- TASK REQUIREMENTS
Each line from the one containing "一个穿黑色皮夹克的年轻人坐在摩托车上在秋日日落前准备好白色头盔视频的预览图" to the end of the material below is to be restated exactly, with pictures skipped.

- DATA SECTION
_ _ _
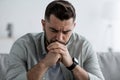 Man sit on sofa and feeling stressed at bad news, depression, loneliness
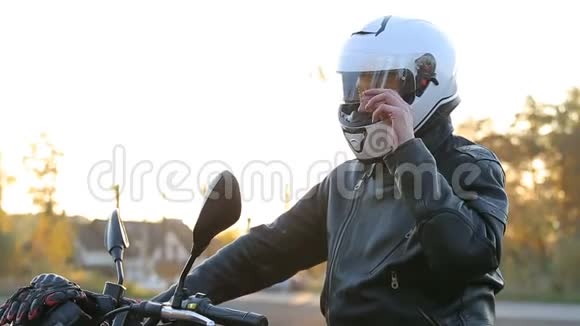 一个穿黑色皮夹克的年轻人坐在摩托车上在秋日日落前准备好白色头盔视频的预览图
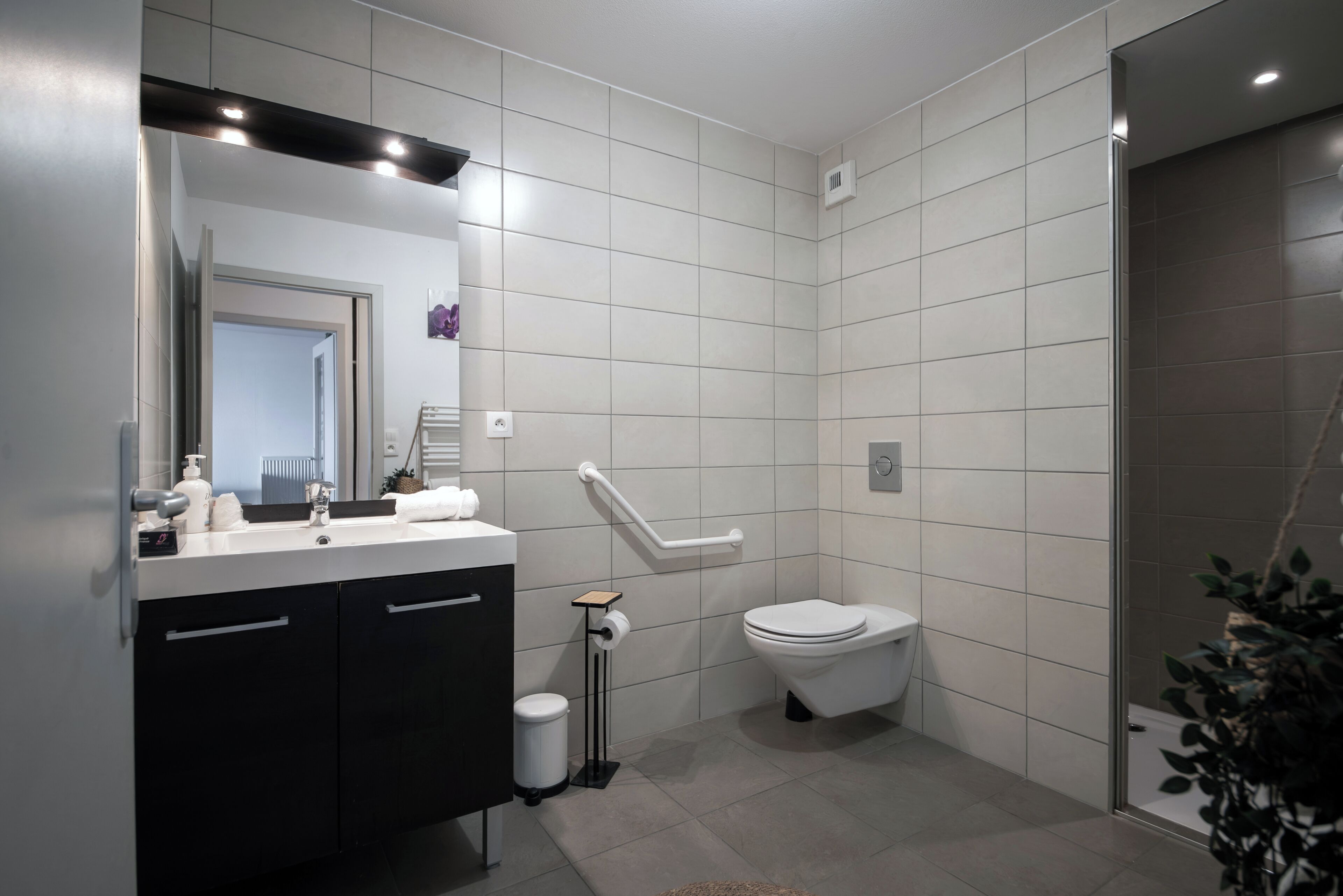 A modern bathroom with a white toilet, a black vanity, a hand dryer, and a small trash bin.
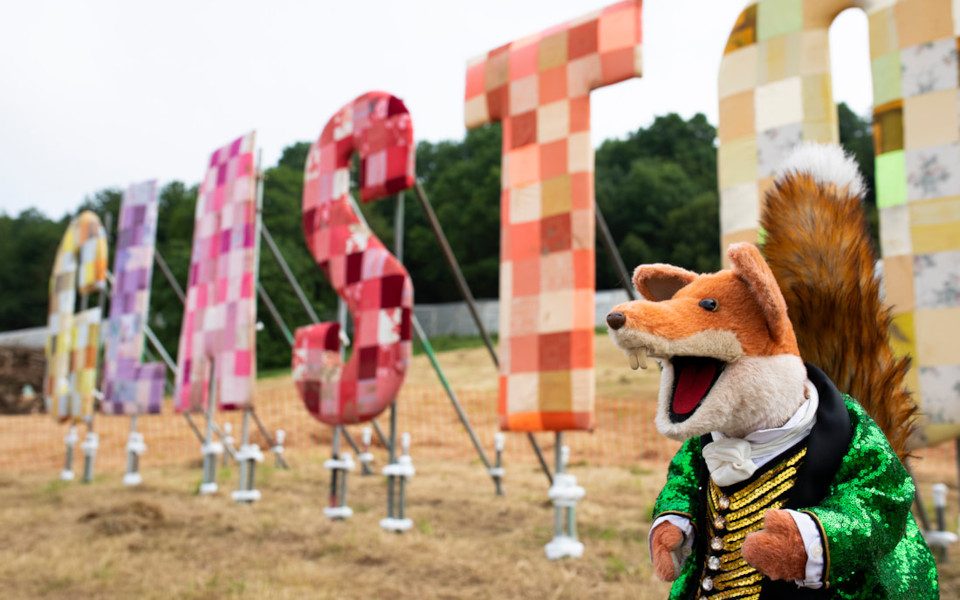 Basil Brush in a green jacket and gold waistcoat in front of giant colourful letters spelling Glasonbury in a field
_ _ _
- COMPLETED EXERCISE
 一个穿黑色皮夹克的年轻人坐在摩托车上在秋日日落前准备好白色头盔视频的预览图
 A modern bathroom with a white toilet, a black vanity, a hand dryer, and a small trash bin.
 Basil Brush in a green jacket and gold waistcoat in front of giant colourful letters spelling Glasonbury in a field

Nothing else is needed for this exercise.